The Department of American Culture and Literature warmly invite you to: “Beyond Empty Homogeneity: Rethinking Serial Form”

Kyra Sutton

Date: Wednesday, February 28
Time: 16:30-18:00
Location: G-160

Abstract: Across literary studies, film studies, game studies, and critical theory, recent decades have seen a flurry of interest in “the serial”—a form dynamized by a tension between, to draw on Clare Pettitt, “the relation of parts and their separation.” Yet most of these treatments of the serial understand it, following the work of Benedict Anderson, as a quintessentially secular modern form functioning within “homogeneous, empty time.” Against this conceptual lineage, my presentation offers an alternative reading of the serial, examining the form as it operates beyond the secular, and thus reading for form to revise and re-vision our conceptions of the American present.
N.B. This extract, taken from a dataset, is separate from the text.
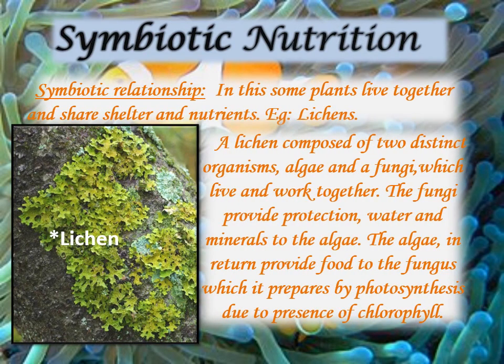Symbiotic Nutrition: In this mode of nutrition, two different organisms live together and are mutually benefited. They help each other for feeding, protection and reproduction. For example, Lichen.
To that end, I turn to Fred Moten’s All That Beauty (2019)—a poetry collection that can be characterized, I argue, by an iterative serial quality, and in which seriality is explicitly thematized. By focusing on the “cuts” of the serial—on that which lies between each term of the series—I offer a reading of the form that reveals it to be more than linear, continuous, and forward-facing. I thus see All That Beauty as an instance of heterogeneity and density within the American serial, reading the text not as a source of alterity to the present—as somehow non-contemporaneous or “premodern”—but as troubling our definitions of the secular modern and the serial itself.

Bio: Kyra Sutton is a PhD candidate in the department of Rhetoric at the University of California, Berkeley, where she is also completing a designated emphasis in Critical Theory. She teaches and writes at the intersection of contemporary Anglo-American literature, critical theory, and critical religion and secularism studies. Her current project, The Secular Undone: Contemporary Anglo-American Literature and the Question of Time, mobilizes critical theories of religion and secularism to examine the temporality of form in contemporary Anglo-American literature and interrogate the secularist assumptions of literary studies. Her work has appeared or is forthcoming in CR: The New Centennial Review, qui parle, and edited volumes.